(Dataset records)
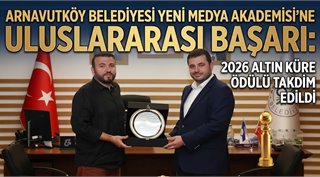 Arnavutköy Belediyesi Yeni Medya Akademisi’ne Uluslararası Başarı: 2026 Altın Küre Ödülü Takdim Edildi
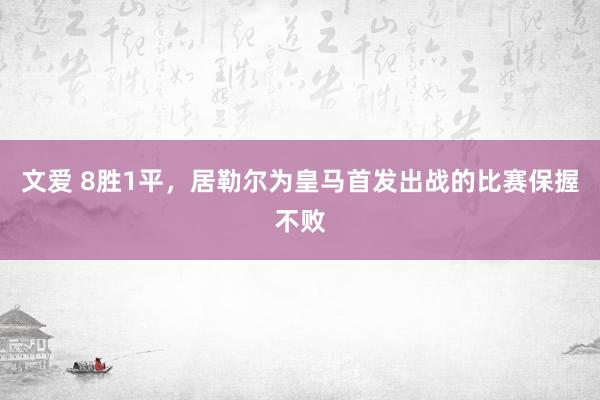 文爱 8胜1平，居勒尔为皇马首发出战的比赛保握不败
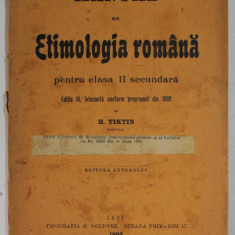 MANUAL DE ETIMOLOGIA ROMANA PENTRU CLASA II - SECUNDARA , EDITIA A III - A de H. TIKTIN , 1902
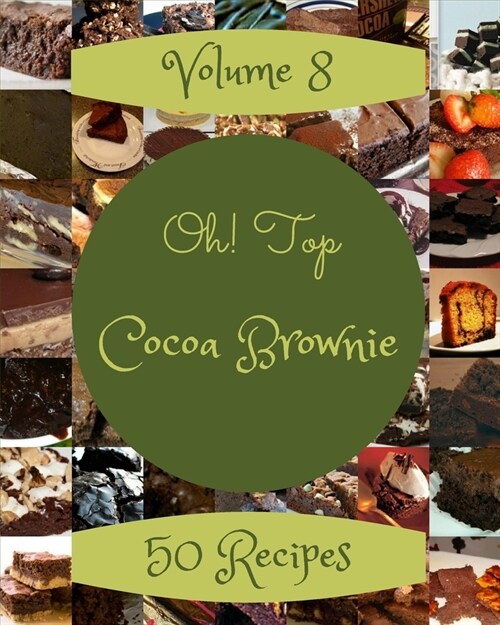 Oh! Top 50 Cocoa Brownie Recipes Volume 8: An One-of-a-kind Cocoa Brownie Cookbook (Paperback)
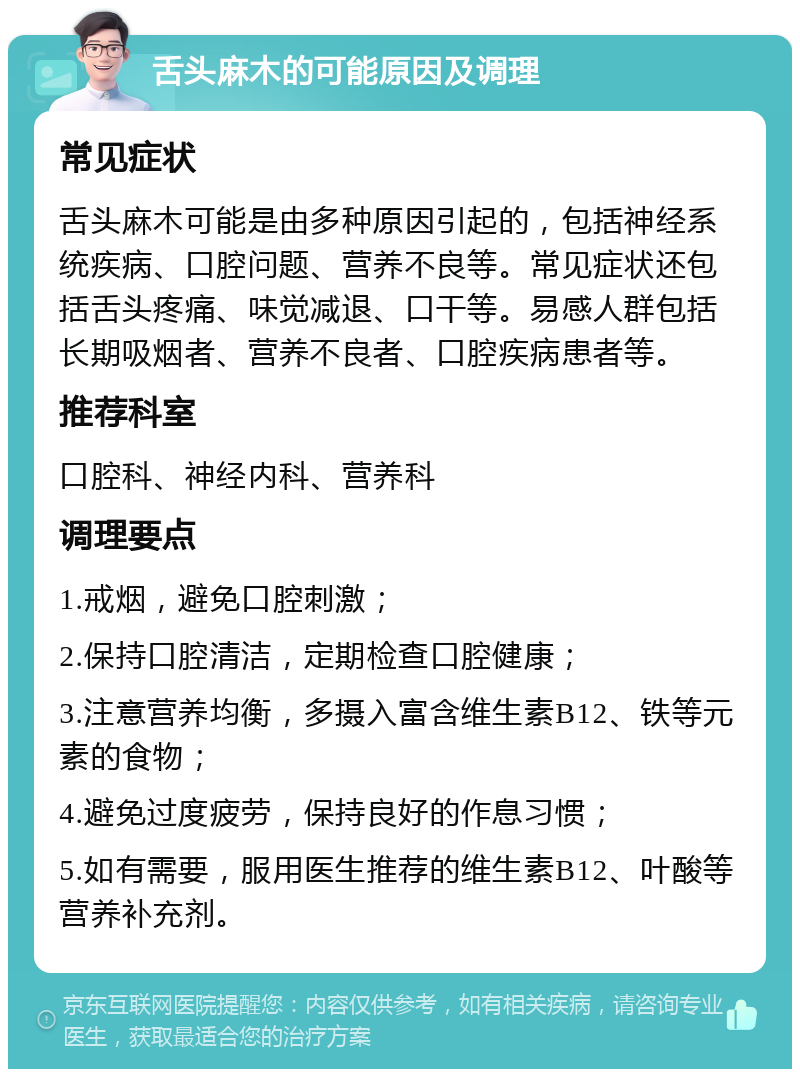 舌头麻木的可能原因及调理 常见症状 舌头麻木可能是由多种原因引起的，包括神经系统疾病、口腔问题、营养不良等。常见症状还包括舌头疼痛、味觉减退、口干等。易感人群包括长期吸烟者、营养不良者、口腔疾病患者等。 推荐科室 口腔科、神经内科、营养科 调理要点 1.戒烟，避免口腔刺激； 2.保持口腔清洁，定期检查口腔健康； 3.注意营养均衡，多摄入富含维生素B12、铁等元素的食物； 4.避免过度疲劳，保持良好的作息习惯； 5.如有需要，服用医生推荐的维生素B12、叶酸等营养补充剂。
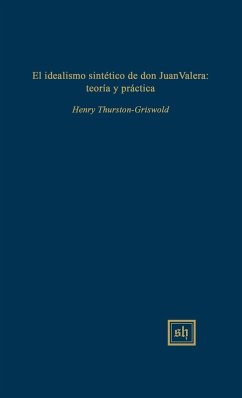 El idealismo sintetico de don Juan Valera - Thurston-Griswold, Henry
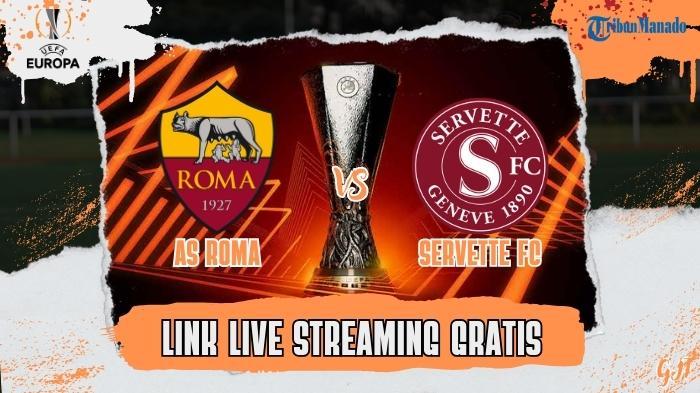 Live Streaming AS Roma vs Servette FC, Cek Link Nonton Gratis Disini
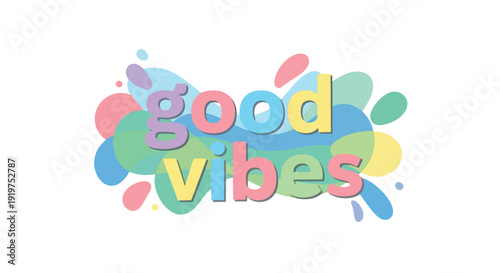An engaging illustration celebrating 'good vibes' with cheerful pastel typography. Dynamic, colorful abstract shapes create a joyful backdrop,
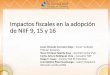 Impactos fiscales en la adopción de NIIF 9, 15 y 16...Impactos fiscales en la adopción de NIIF 9, 15 y 16 Jesús Orlando Corredor Alejo –Socio Fundador Tributar Asesores Oscar
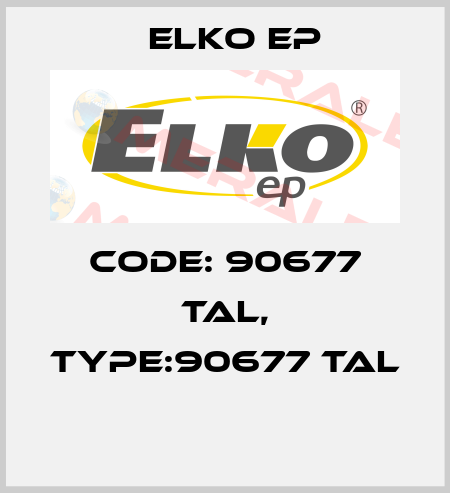 Code: 90677 TAL, Type:90677 TAL  Elko EP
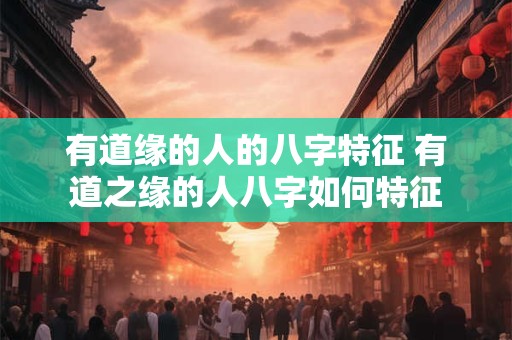 有道缘的人的八字特征 有道之缘的人八字如何特征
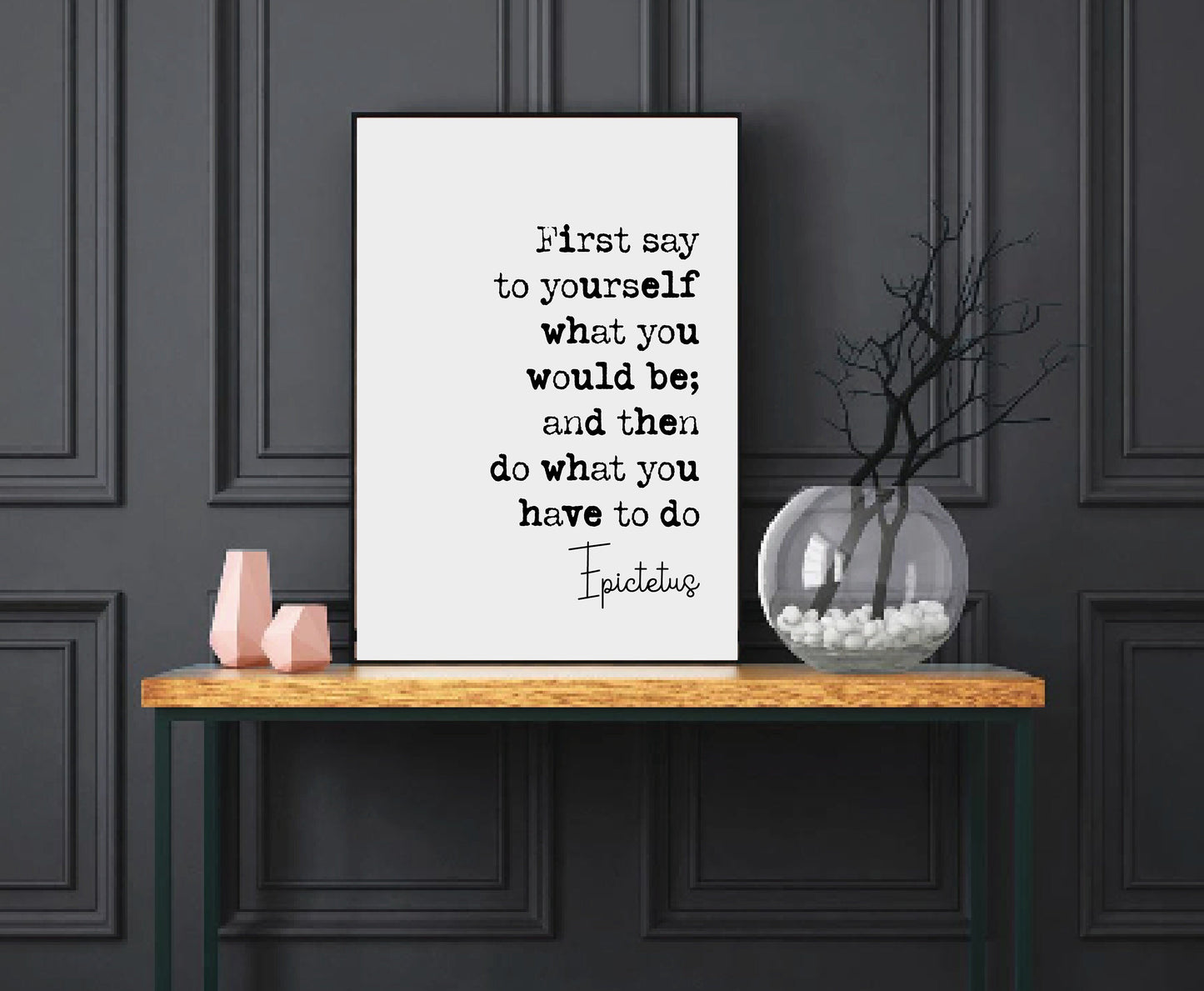 Epictetus Stoic Quote Print Say To Yourself What You Would Be Do What You Have To Do Minimalist Decor Monochrome Wall Art Unframed Posters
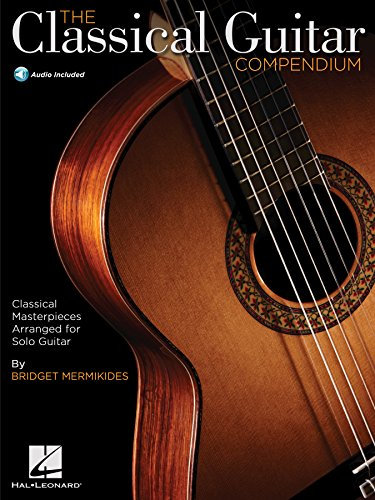 The Classical Guitar Compendium: Classical Masterpieces Arranged for Solo Guitar (GUITARE) (English Edition)
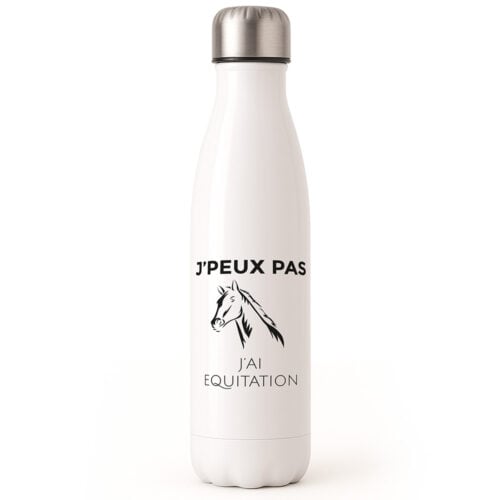 Bouteille isotherme - J'peux pas j'ai équitation <br> <strong>  500 ml </strong>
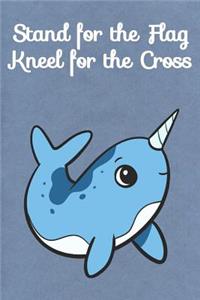 Stand for the Flag Kneel for the Cross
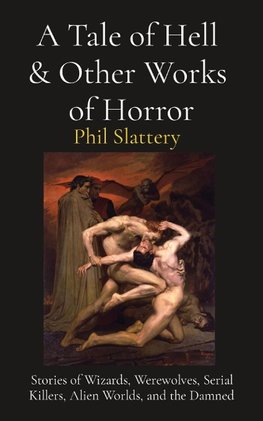 A Tale of Hell  & Other Works of Horror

> **BRIEF**
Pictures are to be left out; the answer must otherwise be exactly the lines from the one with "Epictetus Stoic Quote" through the final line of the entries above, both included.

> **ANSWER TO THE PROBLEM**
 Epictetus Stoic Quote Print Say To Yourself What You Would Be Do What You Have To Do Minimalist Decor Monochrome Wall Art Unframed Posters
 The Classical Guitar Compendium: Classical Masterpieces Arranged for Solo Guitar (GUITARE) (English Edition)
 Bouteille isotherme - J'peux pas j'ai équitation <br> <strong>  500 ml </strong>
 Stand for the Flag Kneel for the Cross
 A Tale of Hell  & Other Works of Horror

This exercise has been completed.